Word for word, output the data, with none of its pictures.

=== Material shown ===
[Start of Attachment]

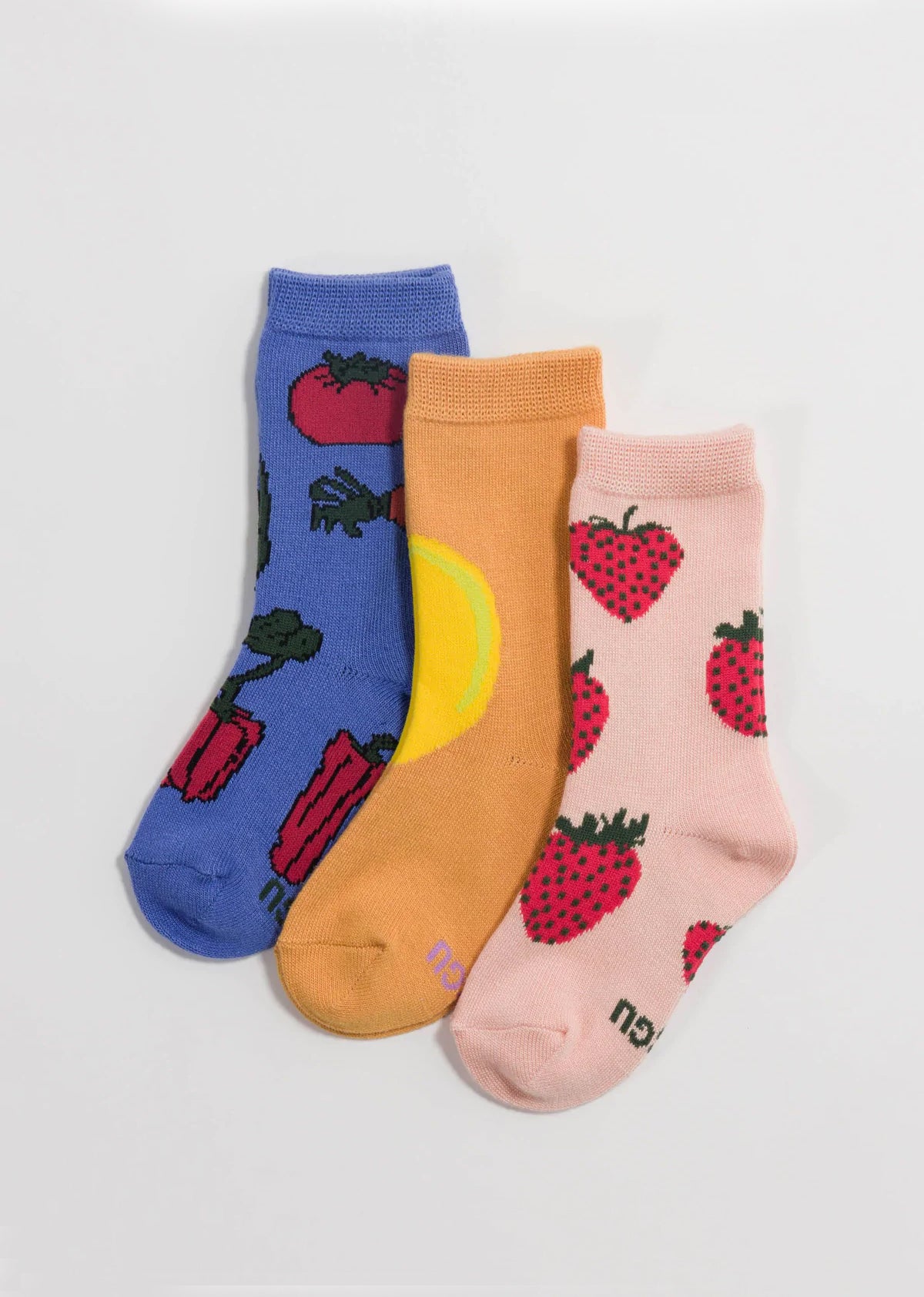 Baggu - Kids Crew Sock Set of 3 - Fruits & Veggies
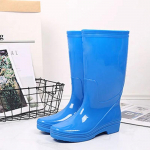 Rainboots naiste k&otilde;rgete varrukateta riidest kiiresti kuivavad vihmajalatsid Naiste veekindlad t&auml;iskasvanute kingad Naiste libisemiskindlad kummikingad Naiste t&ouml;&ouml;jalatsid 36 sinine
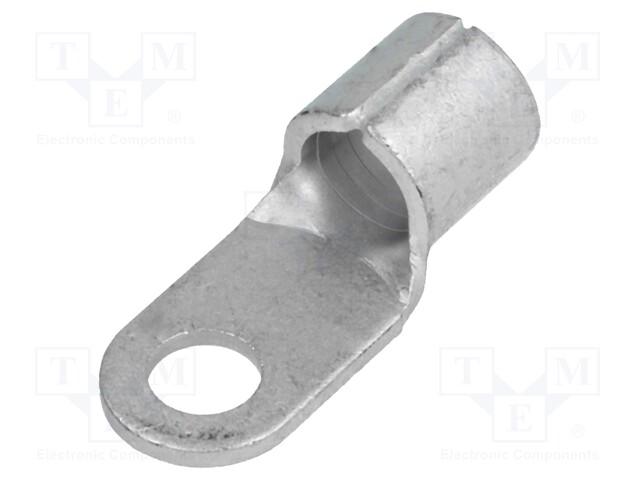 Ring terminal; M6; 25mm2; crimped; for cable; non-insulated; 6.4mm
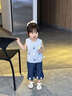 幼歌（YOUGE）【萊賽爾牛仔】嬰幼兒夏季親膚透氣中褲兒童七分牛仔褲潮 牛仔藍 90 cm 曬單實(shí)拍圖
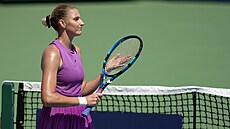 Tenistka Karolína Plíková na turnaji v Cincinnati.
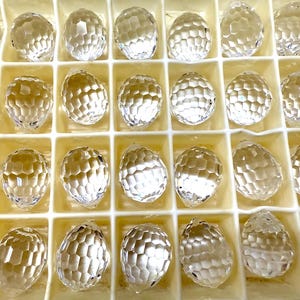 Drop 15 x11.5mm Swarovski Crystal Clear Disco Ball Drop 6002 Pendant JEWELRY FINDINGS charms wedding decorations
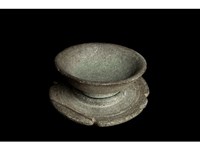 滑石茶具組-茶托藏品圖，第2張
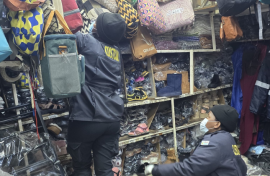 Authorities seize counterfeit and illicit goods. X/SAPoliceService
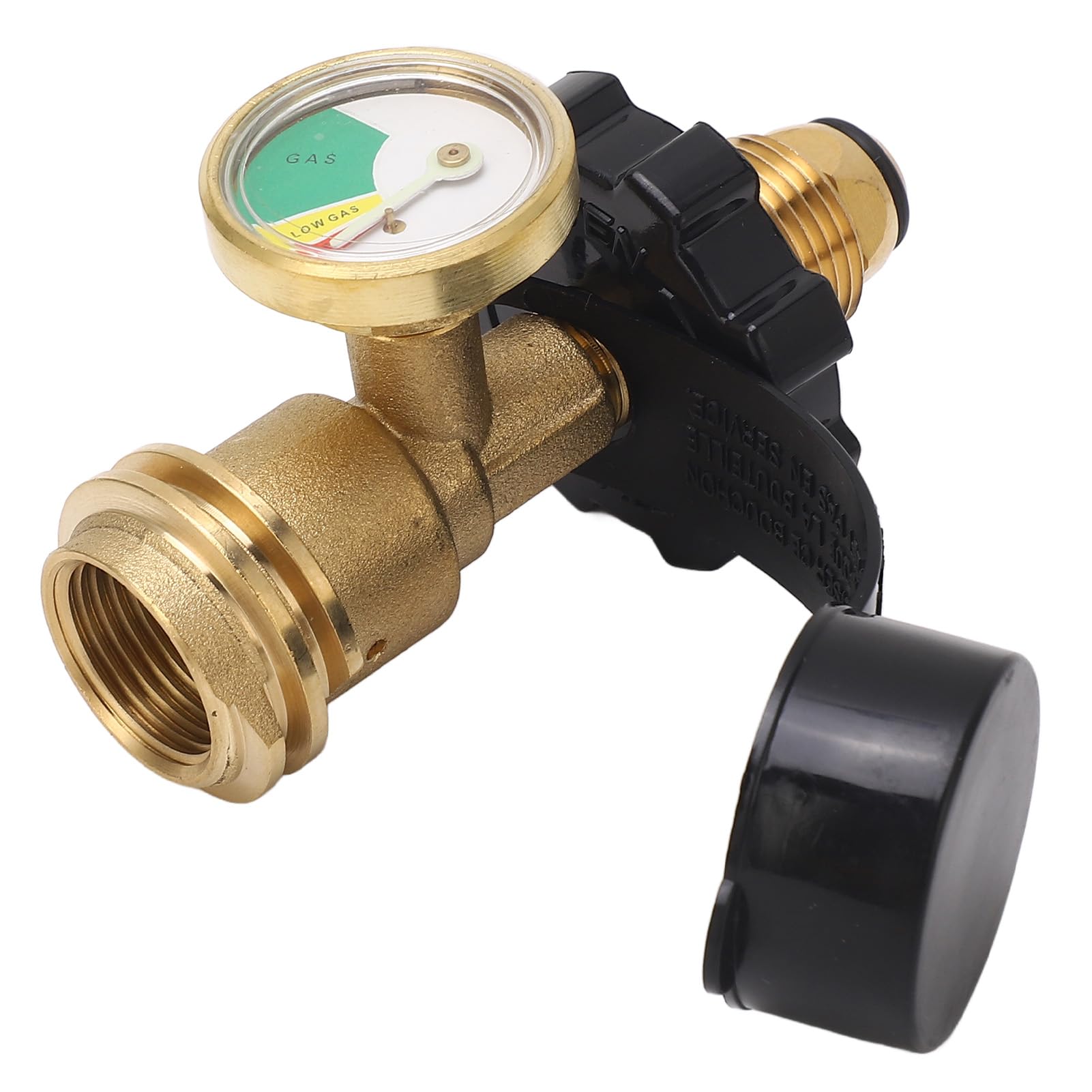 Adaptateur de réservoir de gaz POL Adaptateur de service de réservoir POL LP vers réservoir de gaz QCC1 avec manomètre - 4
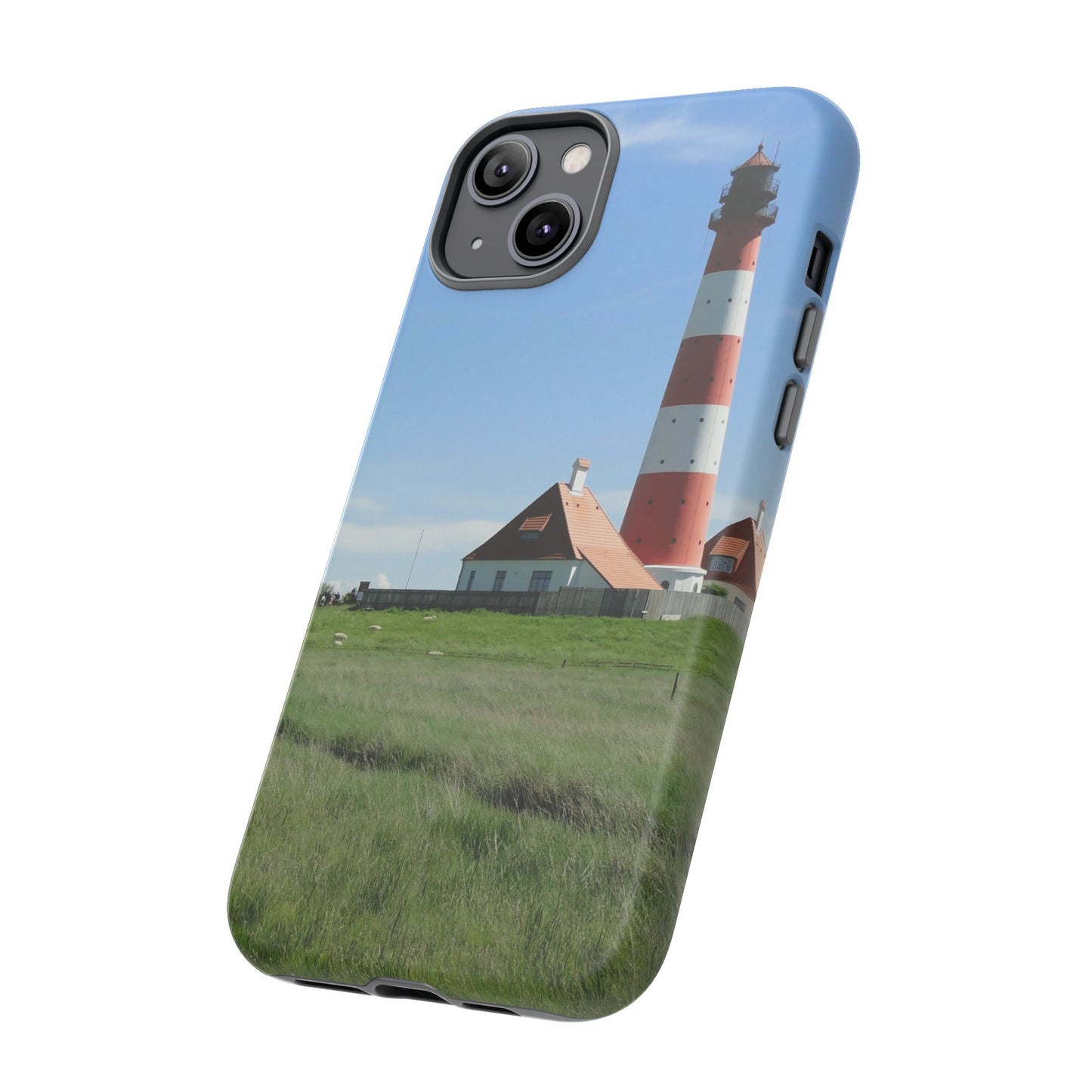 Lighthouse Phone Case - Coastal Vibes, Nautical Gift, Ocean Lover Accessory, Beach Aesthetic, Customizable Design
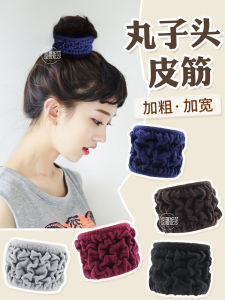 Thickened Black Elastic Hair Ties for Women Simple Hair Accessories Bun Headbands Hair Bands Korean Style Fashion Hair Accessories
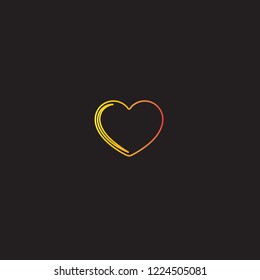 Heart vector icon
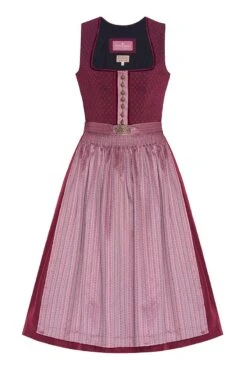 Midi Dirndl 70cm Beere Altrosa Stretch Lotte 006249 - Limitiert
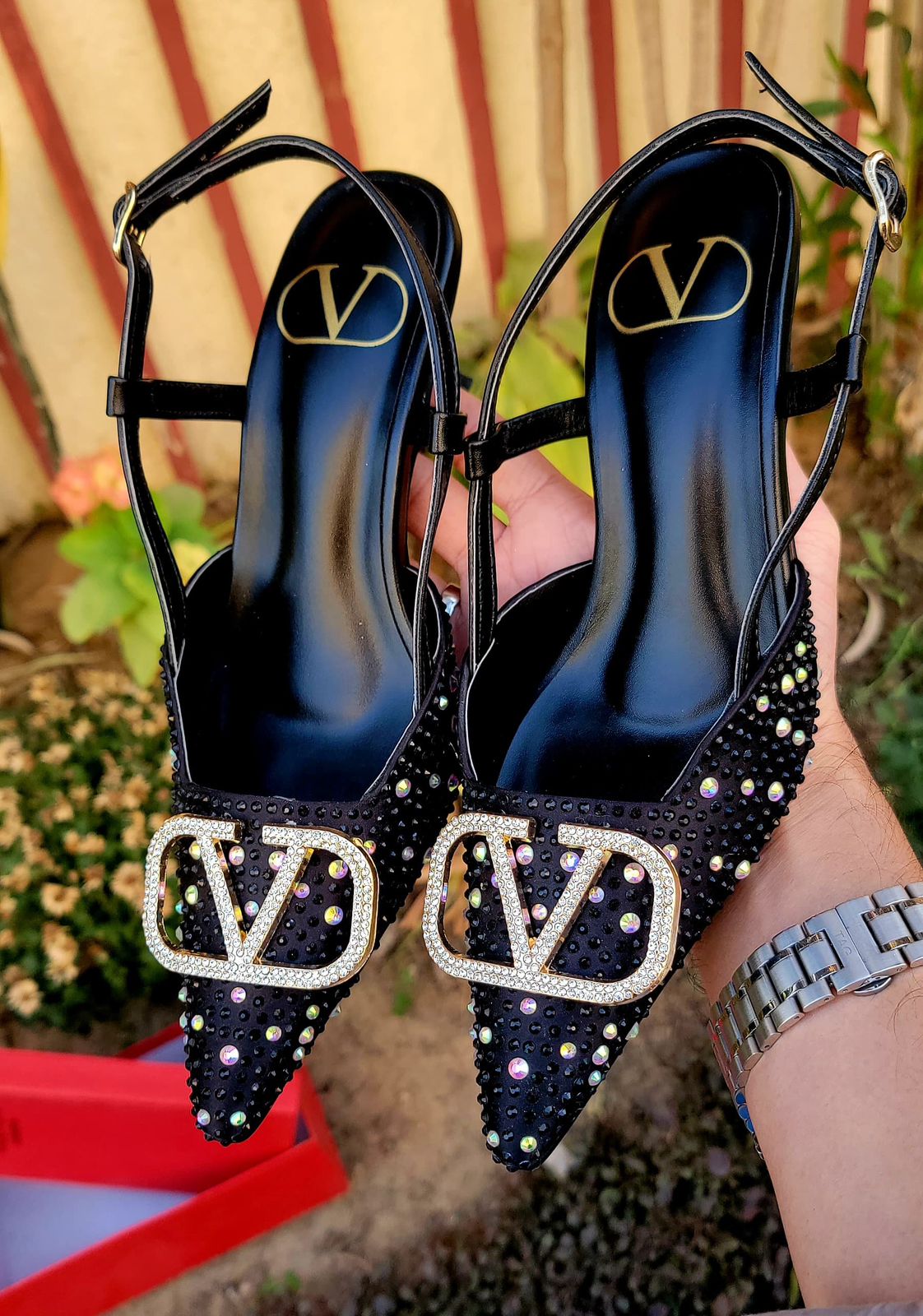Valentino Rouhistones Heels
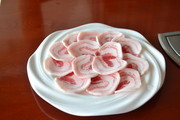 五花肉片图片 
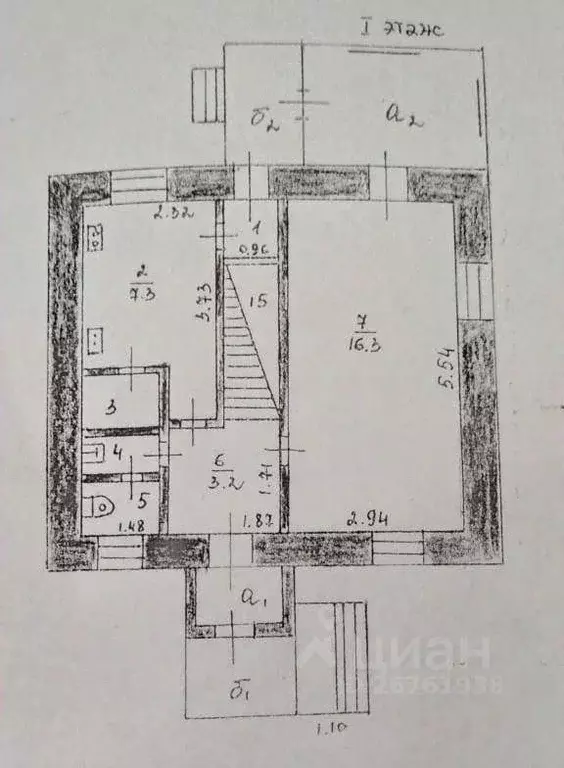 3-к кв. Владимирская область, Судогодский район, Вяткинское ... - Фото 1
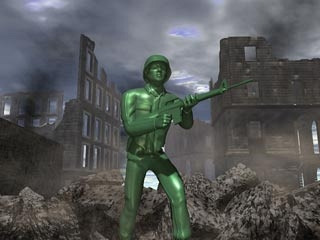 Скриншот из игры Army Men: World War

[End of Attachment]

=== Output for this exercise ===
 Baggu - Kids Crew Sock Set of 3 - Fruits & Veggies
 Rainboots naiste k&otilde;rgete varrukateta riidest kiiresti kuivavad vihmajalatsid Naiste veekindlad t&auml;iskasvanute kingad Naiste libisemiskindlad kummikingad Naiste t&ouml;&ouml;jalatsid 36 sinine
 Ring terminal; M6; 25mm2; crimped; for cable; non-insulated; 6.4mm
 幼歌（YOUGE）【萊賽爾牛仔】嬰幼兒夏季親膚透氣中褲兒童七分牛仔褲潮 牛仔藍 90 cm 曬單實(shí)拍圖
 Tenistka Karolína Plíková na turnaji v Cincinnati.
 Drop 15 x11.5mm Swarovski Crystal Clear Disco Ball Drop 6002 Pendant JEWELRY FINDINGS charms wedding decorations
 滑石茶具組-茶托藏品圖，第2張
 Authorities seize counterfeit and illicit goods. X/SAPoliceService
 Adaptateur de réservoir de gaz POL Adaptateur de service de réservoir POL LP vers réservoir de gaz QCC1 avec manomètre - 4
 Lighthouse Phone Case - Coastal Vibes, Nautical Gift, Ocean Lover Accessory, Beach Aesthetic, Customizable Design
 Thickened Black Elastic Hair Ties for Women Simple Hair Accessories Bun Headbands Hair Bands Korean Style Fashion Hair Accessories
 Heart vector icon
 Midi Dirndl 70cm Beere Altrosa Stretch Lotte 006249 - Limitiert
Valentino Rouhistones Heels
 五花肉片图片 
 3-к кв. Владимирская область, Судогодский район, Вяткинское ... - Фото 1
 Скриншот из игры Army Men: World War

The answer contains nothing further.